We’re delighted to announce that Half of a Yellow Sun by Chimamanda Ngozi Adichie has been named the ‘Best of the Best’ of the winners of the second decade of the Baileys Women’s Prize for Fiction, as chosen by the Chairs of judges of the past ten years.
Half of a Yellow Sun, won the Women’s Prize for Fiction in 2007 and as ‘Best of the Best’ of the second decade of winners, Chimamanda Ngozi Adichie will receive a special-edition Bessie statuette, cast in manganese bronze.
Adichie follows in the footsteps of Andrea Levy who was named winner of ‘Best of the Best’ of the Prize’s first decade for her novel Small Island, which won the Women’s Prize in 2004.
Watch Chimananda’s acceptance speech below:
Muriel Gray, Chair of Judges in 2007, the year Half of a Yellow Sun originally won the Prize said: “While it’s sometimes pompous to call a book ‘important’, it’s appropriate to say it of Half of a Yellow Sun.” She continued, “For an author, so young at the time of writing, to have been able to tell a tale of such enormous scale in terms of human suffering and the consequences of hatred and division, whilst also gripping the reader with wholly convincing characters and spell binding plot, is an astonishing feat. Chimamanda’s achievement makes Half of a Yellow Sun not just a worthy winner of this most special of prizes, but a benchmark for excellence in fiction writing.”

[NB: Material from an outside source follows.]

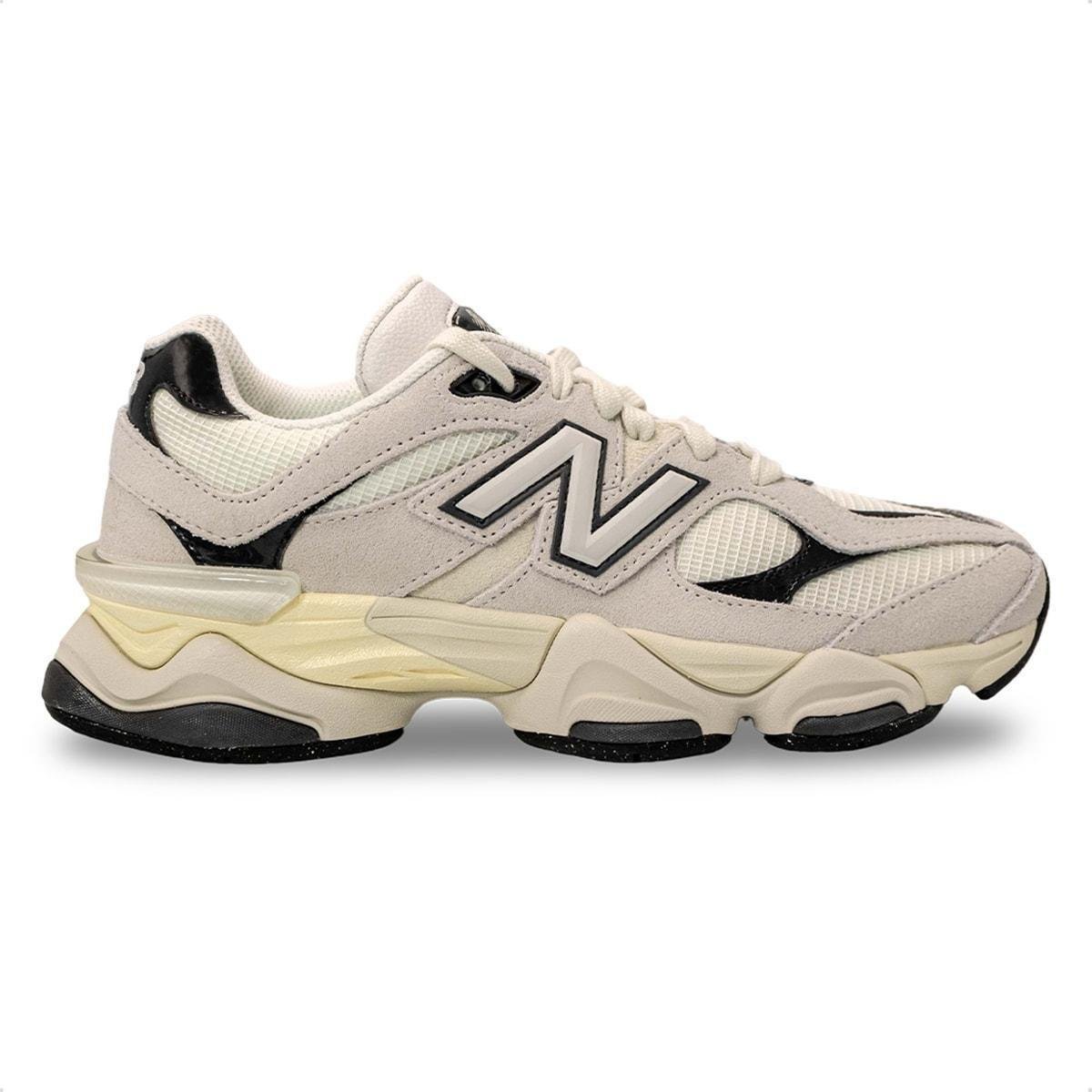 Tênis New Balance 9060 - Cinza+Preto | Netshoes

Chimamanda Ngozi Adichie grew up in Nigeria. Her work has been translated into thirty languages. She is the author of three novels; Purple Hibiscus, which won the Commonwealth Writers’ Prize and the Hurston/Wright Legacy Award, and was shortlisted for the Orange Prize for Fiction; Half of a Yellow Sun, which won the Orange Prize for Fiction and was a National Book Critics Circle Award Finalist and Americanah which was shortlisted for the Baileys Women’s Prize for Fiction in 2014.